Eine Welle hat mir einen Windsurfer ins Leben geschwappt. Der Blonde stellte sich vor als Thomas Sollacher. Sehr von sich überzeugt, aber nicht uneben. Sein Selbstbewusstsein reichte von München bis Mombasa, und nicht nur, weil er und sein Bruder Peter deutsche Surfmeister waren. Der Sollacher hatte sich desgleichen ein Haus organisiert und nach und nach geriet unser loses Zusammensein zu einer afrikanischen Lifestyle-Kommune. Und keiner teilte da die Welt in Schwarz und Weiß. Das Aussehen mag uns unterscheiden, aber irgendwie kommen wir alle von hier. Von Afrika ist alles ausgegangen.
Afrika ist meine zweite Heimat. Es ist natürlich schon ein Unterschied, ob du dir in Österreich den ganzen Winter über den Arsch abfrierst oder in Kenia mit dem Hintern im heißen Sand sitzt. Die Urlaube, die ich anfangs hier verbrachte, wurden immer länger, die Intervalle dazwischen immer kürzer. Ich entwickelte mich immer mehr zum Einheimischen, Wolfgang Ambrosutu, Herrscher von Diani und Gebieter über mich selbst.
Ein paar Jahre lang habe ich immer wieder das Haus gleich am Strand gemietet, in dem später der Klaus Eberhartinger und sein Kompagnon, der Thomas Spitzer, residierten. Die kamen nach uns nach Afrika. Was Kenia und Diani Beach betrifft, waren nämlich wir die erste allgemeine Verunsicherung. Der Gerry Fischer hat die beiden nach Kenia gebracht und erst einmal ins Golden Beach Hotel gesteckt, das es jetzt nicht mehr gibt. Ich habe sie eingeladen, sie haben mich besucht und irgendwann, wie ich das Haus wieder einmal buchen wollte, war es weg.

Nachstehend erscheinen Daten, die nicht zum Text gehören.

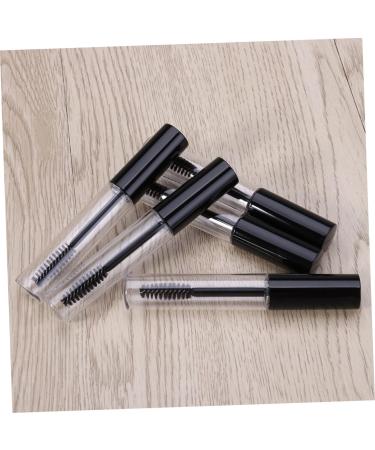 Didiseaon 5pcs Eyelash Cream Bottle Mascara Tubes with Wands Empty Glass Empty Tube Makeup Brushes DIY Round 1 g (Pack of 1) Black - Buy Online on GoSupps.com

Mein Vermieter, ein gewisser Mister Winter, hat irgendwann das Zeitliche gesegnet. Als er noch nicht tot war, hatte er mich noch gefragt, ob ich das Haus nicht permanent zu mieten gedenke. Wozu, fragte ich ihn, ich komme, wann ich will, und wenn es das Haus nicht mehr gibt, dann gibt es das halt nimmer. Auf einmal hat es das Haus nicht mehr gegeben, weil es der Spitzer gehabt hat. Er hat’s mir unterm Hintern weggemietet.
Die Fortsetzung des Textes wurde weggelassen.